The Benedictine monks of Saint Anselm Abbey are seeking a judicial order blocking the college’s Board of Trustees from amending the institution's bylaws without the consent of the monks. The monks argue that changes proposed by the board would dilute their control over matters of mission and pose "an unreasonable risk of the secularization" of the Roman Catholic college.

Mark Tierney, the attorney for the monks, said what is at stake is the college's future as a Benedictine institution.

"Whether it be 10, 15, 50, 150 years down the road, will the monks be able to guarantee that it is a genuine Catholic college in the Benedictine tradition?" he asked.

College leaders have argued that reforms to its governance structure are needed in order to satisfy accreditation requirements.

Saint Anselm president Joseph Favazza said in a statement that the lawsuit filed by Abbot Mark Cooper and the other monks “follows the breakdown of a collaborative effort by Trustees and the monastic community to resolve some important, longstanding governance issues as Saint Anselm seeks reaccreditation from the New England Council of Higher Education (NECHE), the independent accreditation agency for colleges and universities in all six New England states, including Catholic institutions.”

"The Board of Trustees has made it clear that in no way do they wish to impede the fundamental role of the Catholic, Benedictine mission and traditions of the college," Favazza said. "However, they are committed to meet the NECHE standard which calls for trustees to have sufficient independence to carry out their fiduciary responsibility in the governance of the college. I fully support the Board of Trustees in their efforts to act on behalf of the College to resolve this matter."
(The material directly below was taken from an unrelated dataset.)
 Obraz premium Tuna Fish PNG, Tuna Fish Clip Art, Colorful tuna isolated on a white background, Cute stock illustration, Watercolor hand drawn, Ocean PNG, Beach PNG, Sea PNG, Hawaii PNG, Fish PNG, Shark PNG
The lawsuit is at least the second one in recent months filed by a religious group that argues it has the sole right to amend an affiliated college's bylaws. A regional body of the United Methodist Church filed suit against Southern Methodist University in December after its board amended the bylaws to separate the university from church authority. Southern Methodist's move to sever legal ties with the church came after the Methodist church strengthened prohibitions on performing same-sex marriages and ordaining gay clergy.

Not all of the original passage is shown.